PROBLEM DETAILS: From top to bottom, return the listing exactly as it appears, omitting its images.

DATA SEGMENT:
● ● ● ● ● ● ●

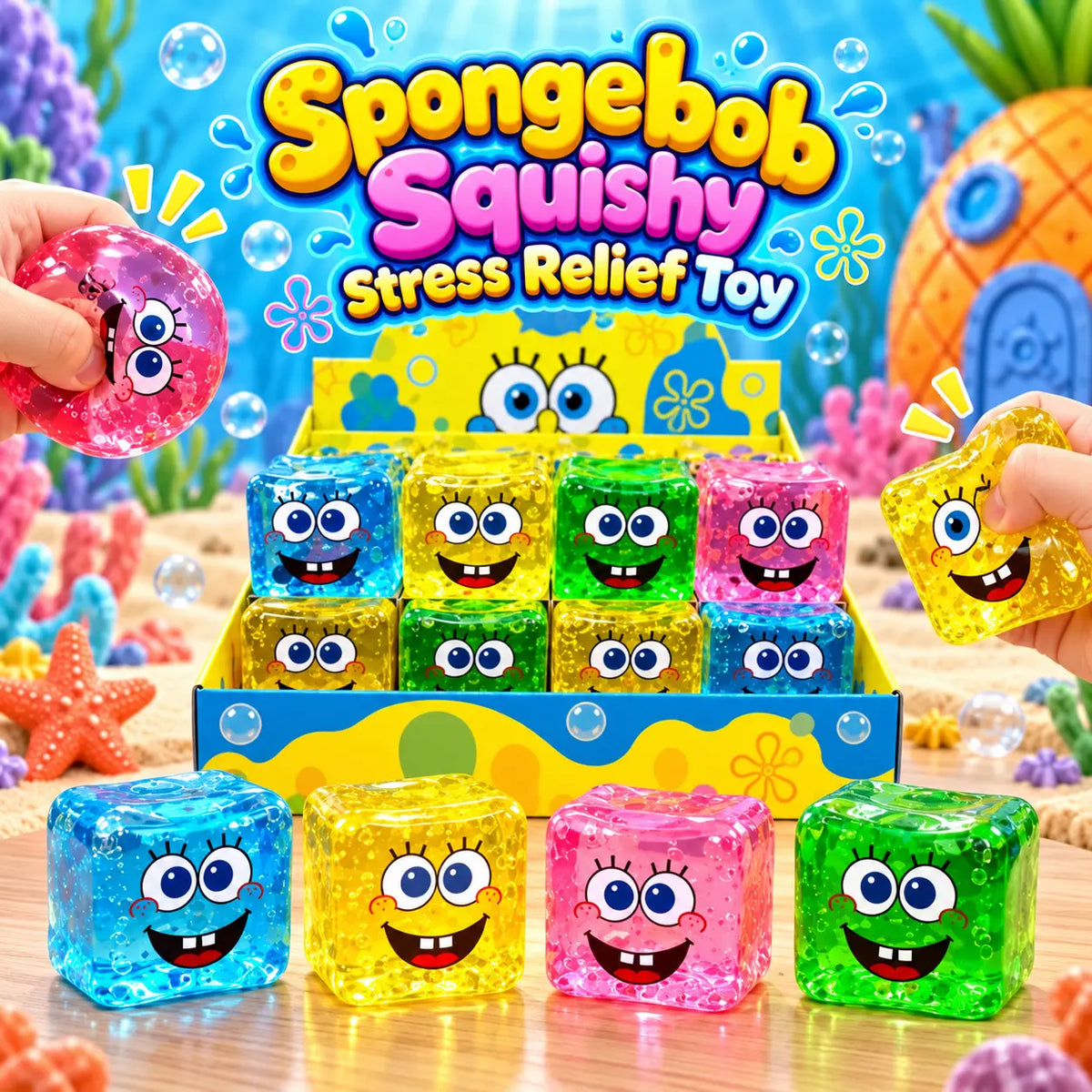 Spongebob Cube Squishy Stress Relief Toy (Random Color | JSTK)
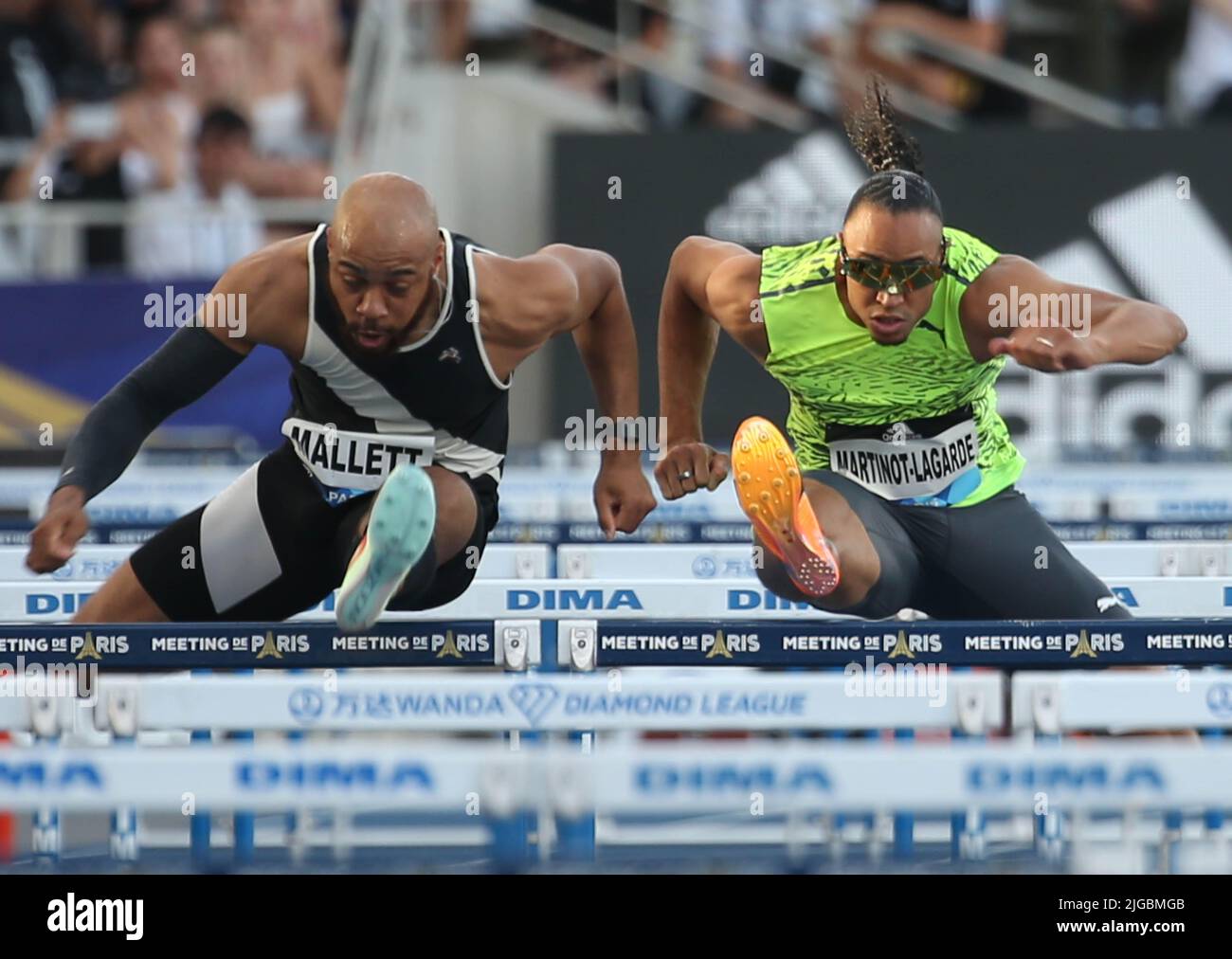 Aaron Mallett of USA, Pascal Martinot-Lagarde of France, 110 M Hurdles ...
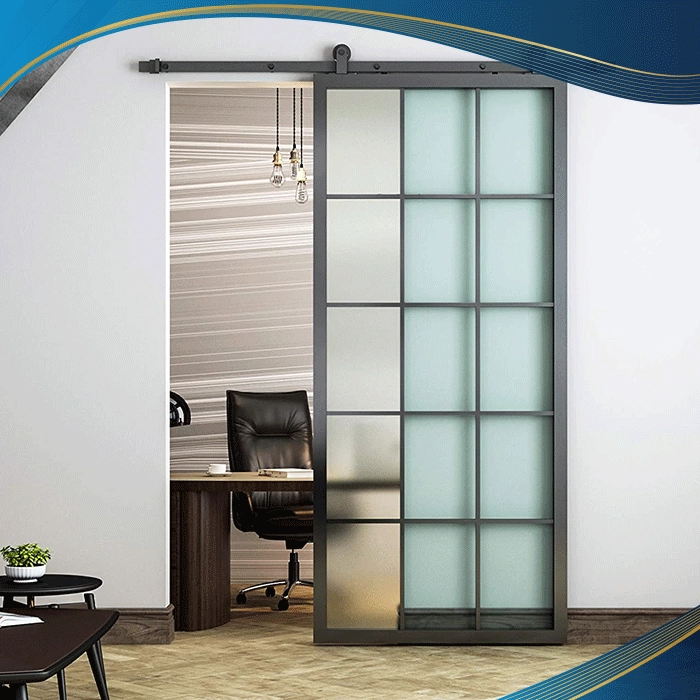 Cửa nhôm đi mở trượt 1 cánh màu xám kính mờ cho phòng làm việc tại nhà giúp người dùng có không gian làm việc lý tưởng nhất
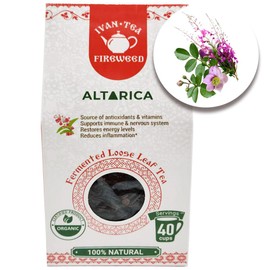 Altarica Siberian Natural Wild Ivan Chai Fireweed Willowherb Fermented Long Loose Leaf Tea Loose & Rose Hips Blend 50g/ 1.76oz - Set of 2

● ● ● ● ● ● ●

TASK RESPONSE:
 Spongebob Cube Squishy Stress Relief Toy (Random Color | JSTK)
 Aaron Mallett of USA, Pascal Martinot-Lagarde of France, 110 M Hurdles ...
 Cửa nhôm đi mở trượt 1 cánh màu xám kính mờ cho phòng làm việc tại nhà giúp người dùng có không gian làm việc lý tưởng nhất
 Altarica Siberian Natural Wild Ivan Chai Fireweed Willowherb Fermented Long Loose Leaf Tea Loose & Rose Hips Blend 50g/ 1.76oz - Set of 2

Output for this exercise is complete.